_ABOUT THIS EXERCISE_
The required output is the exact sequence of lines from the line holding "Apple MacBook Pro" to the end of the records, inclusive.
───
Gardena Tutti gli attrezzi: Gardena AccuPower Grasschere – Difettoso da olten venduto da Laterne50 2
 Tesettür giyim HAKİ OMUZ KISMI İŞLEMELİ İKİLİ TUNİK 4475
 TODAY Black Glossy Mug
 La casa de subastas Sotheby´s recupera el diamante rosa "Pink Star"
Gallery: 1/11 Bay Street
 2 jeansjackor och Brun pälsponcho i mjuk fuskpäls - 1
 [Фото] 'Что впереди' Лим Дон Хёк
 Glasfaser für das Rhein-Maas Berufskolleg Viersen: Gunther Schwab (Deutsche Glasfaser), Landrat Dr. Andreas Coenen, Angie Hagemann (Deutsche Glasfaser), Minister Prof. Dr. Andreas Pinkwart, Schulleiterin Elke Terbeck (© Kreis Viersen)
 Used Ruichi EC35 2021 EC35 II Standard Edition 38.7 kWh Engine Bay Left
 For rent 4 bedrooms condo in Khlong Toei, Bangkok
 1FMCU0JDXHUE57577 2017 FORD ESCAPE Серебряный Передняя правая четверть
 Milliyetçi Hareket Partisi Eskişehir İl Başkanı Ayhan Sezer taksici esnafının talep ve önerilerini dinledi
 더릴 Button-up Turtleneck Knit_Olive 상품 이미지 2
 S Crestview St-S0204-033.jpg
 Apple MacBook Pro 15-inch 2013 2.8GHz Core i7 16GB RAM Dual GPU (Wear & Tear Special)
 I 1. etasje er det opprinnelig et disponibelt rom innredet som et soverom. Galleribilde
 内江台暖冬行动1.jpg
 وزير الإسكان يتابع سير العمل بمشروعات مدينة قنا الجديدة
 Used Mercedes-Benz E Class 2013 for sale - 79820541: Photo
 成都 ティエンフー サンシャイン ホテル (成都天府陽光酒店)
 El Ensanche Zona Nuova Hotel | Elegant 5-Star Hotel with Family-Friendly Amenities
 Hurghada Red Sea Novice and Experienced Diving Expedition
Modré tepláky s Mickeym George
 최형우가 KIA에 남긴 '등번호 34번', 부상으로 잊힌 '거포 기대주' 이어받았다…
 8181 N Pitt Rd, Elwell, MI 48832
───
_FINISHED TASK_
 Apple MacBook Pro 15-inch 2013 2.8GHz Core i7 16GB RAM Dual GPU (Wear & Tear Special)
 I 1. etasje er det opprinnelig et disponibelt rom innredet som et soverom. Galleribilde
 内江台暖冬行动1.jpg
 وزير الإسكان يتابع سير العمل بمشروعات مدينة قنا الجديدة
 Used Mercedes-Benz E Class 2013 for sale - 79820541: Photo
 成都 ティエンフー サンシャイン ホテル (成都天府陽光酒店)
 El Ensanche Zona Nuova Hotel | Elegant 5-Star Hotel with Family-Friendly Amenities
 Hurghada Red Sea Novice and Experienced Diving Expedition
Modré tepláky s Mickeym George
 최형우가 KIA에 남긴 '등번호 34번', 부상으로 잊힌 '거포 기대주' 이어받았다…
 8181 N Pitt Rd, Elwell, MI 48832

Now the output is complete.